Charleston, South Carolina Gas Plant Matter. By letter dated July 14, 2006, SCANA Corporation (“SCANA”), demanded contribution from UGI Utilities for a portion of past and future remediation costs related to the operations of a former MGP located in Charleston, South Carolina. According to the letter, the plant operated from 1855 to 1954. SCANA alleges that UGI Utilities controlled operations of the plant from 1910 to 1926. SCANA asserts that it has spent approximately $22 million in remediation costs and $26 million in third-party claims relating to the site. It estimates that future remediation costs could be as high as $2.5 million and asserts that it has received a demand from the United States Justice Department for natural resource damages. SCANA claims that UGI Utilities is liable for 47% of the costs associated with the site. UGI Utilities is in the process of reviewing the information provided by SCANA and is investigating this claim.

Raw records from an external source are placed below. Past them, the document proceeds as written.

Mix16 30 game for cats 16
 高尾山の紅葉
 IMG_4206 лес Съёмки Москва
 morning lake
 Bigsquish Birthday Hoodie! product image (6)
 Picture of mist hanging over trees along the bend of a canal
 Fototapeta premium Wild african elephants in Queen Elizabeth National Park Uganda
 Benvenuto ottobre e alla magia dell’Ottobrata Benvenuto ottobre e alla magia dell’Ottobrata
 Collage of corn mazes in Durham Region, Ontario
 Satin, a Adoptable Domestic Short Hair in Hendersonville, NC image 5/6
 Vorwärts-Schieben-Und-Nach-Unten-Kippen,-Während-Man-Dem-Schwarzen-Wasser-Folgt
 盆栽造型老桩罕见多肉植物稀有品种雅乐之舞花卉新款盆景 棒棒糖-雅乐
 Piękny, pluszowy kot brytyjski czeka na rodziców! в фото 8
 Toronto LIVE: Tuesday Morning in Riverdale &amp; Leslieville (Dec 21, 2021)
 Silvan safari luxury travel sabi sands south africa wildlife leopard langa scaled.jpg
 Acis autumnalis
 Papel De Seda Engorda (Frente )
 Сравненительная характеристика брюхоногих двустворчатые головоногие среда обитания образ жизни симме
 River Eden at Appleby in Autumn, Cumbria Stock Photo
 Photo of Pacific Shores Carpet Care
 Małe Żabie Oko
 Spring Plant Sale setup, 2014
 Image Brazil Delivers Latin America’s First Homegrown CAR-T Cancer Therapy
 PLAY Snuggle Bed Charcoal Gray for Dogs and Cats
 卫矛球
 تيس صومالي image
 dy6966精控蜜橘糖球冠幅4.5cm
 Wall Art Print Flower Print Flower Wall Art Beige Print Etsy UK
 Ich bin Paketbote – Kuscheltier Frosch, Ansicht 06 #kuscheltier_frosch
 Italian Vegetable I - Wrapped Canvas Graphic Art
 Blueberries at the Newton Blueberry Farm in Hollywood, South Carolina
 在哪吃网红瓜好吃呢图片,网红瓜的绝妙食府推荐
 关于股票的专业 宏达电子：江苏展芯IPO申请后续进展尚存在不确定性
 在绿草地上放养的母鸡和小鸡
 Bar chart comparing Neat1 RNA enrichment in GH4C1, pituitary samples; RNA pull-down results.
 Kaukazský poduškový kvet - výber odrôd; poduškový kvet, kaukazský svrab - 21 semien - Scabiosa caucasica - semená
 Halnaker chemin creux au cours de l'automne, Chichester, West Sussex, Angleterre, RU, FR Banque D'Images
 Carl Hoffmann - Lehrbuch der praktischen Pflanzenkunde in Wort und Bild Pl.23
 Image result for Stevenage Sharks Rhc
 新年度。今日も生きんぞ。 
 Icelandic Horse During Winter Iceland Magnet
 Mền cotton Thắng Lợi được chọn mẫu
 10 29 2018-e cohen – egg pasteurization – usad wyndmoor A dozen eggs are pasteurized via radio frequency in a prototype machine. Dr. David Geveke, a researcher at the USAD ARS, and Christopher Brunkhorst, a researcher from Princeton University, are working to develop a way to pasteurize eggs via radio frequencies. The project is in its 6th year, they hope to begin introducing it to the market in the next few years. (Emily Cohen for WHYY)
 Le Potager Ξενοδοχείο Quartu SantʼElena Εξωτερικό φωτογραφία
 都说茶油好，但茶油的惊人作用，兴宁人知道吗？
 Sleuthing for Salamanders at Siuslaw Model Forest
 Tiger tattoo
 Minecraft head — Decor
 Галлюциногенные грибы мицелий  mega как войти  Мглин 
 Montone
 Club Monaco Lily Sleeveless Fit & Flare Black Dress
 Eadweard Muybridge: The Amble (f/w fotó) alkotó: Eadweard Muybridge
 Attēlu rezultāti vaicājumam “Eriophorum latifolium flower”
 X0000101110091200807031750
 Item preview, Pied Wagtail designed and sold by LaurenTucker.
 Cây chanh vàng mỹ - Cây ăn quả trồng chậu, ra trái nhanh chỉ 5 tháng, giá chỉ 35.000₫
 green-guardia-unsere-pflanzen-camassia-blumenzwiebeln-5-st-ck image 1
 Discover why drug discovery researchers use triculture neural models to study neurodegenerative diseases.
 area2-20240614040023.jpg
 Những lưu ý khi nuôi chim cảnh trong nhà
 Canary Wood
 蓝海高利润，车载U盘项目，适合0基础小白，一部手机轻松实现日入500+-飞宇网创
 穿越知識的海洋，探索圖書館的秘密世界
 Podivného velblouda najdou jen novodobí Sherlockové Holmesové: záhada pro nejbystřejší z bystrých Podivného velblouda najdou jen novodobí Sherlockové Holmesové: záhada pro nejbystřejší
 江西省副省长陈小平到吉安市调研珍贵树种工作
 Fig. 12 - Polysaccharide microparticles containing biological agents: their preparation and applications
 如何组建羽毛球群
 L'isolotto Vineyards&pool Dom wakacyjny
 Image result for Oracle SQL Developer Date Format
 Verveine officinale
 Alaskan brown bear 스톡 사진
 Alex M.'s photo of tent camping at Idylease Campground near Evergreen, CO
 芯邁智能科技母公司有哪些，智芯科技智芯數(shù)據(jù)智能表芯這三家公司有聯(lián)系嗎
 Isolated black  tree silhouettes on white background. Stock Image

City of Bangor, Maine v. Citizens Communications Co. In April 2003, Citizens Communications Company (“Citizens”) served a complaint naming UGI Utilities as a third-party defendant in a civil action pending in the United States District Court for the District of Maine. In that action, the plaintiff, City of Bangor, Maine (“City”), sued Citizens to recover environmental response costs associated with MGP wastes generated at a plant allegedly operated by Citizens’ predecessors at a site on the Penobscot River. Citizens subsequently joined UGI Utilities and ten other third-party defendants alleging that the third-party defendants are responsible for an equitable share of costs Citizens may be required to pay to the City for cleaning up tar deposits in the Penobscot River. Citizens alleges that UGI Utilities and its predecessors owned and operated the plant from 1901 to 1928. Studies conducted by the City and Citizens suggest that it could cost up to $18 million to clean up the river. Citizens’ third-party claims have been stayed pending a resolution of the City’s suit against Citizens, which was tried in September 2005. Maine’s Department of Environmental Protection (“DEP”) informed UGI Utilities in March of 2005 that it considers UGI Utilities to be a potentially responsible party for costs incurred by the State of Maine related to gas plant contaminants at this site. On June 27, 2006, the court issued an order finding Citizens responsible for 60% of the cleanup costs. The amount of Citizens’ liability has not been finally determined. UGI Utilities believes that it has good defenses to Citizens’ claim and to any claim that the DEP may bring to recover its costs, and is defending the Citizens’ suit.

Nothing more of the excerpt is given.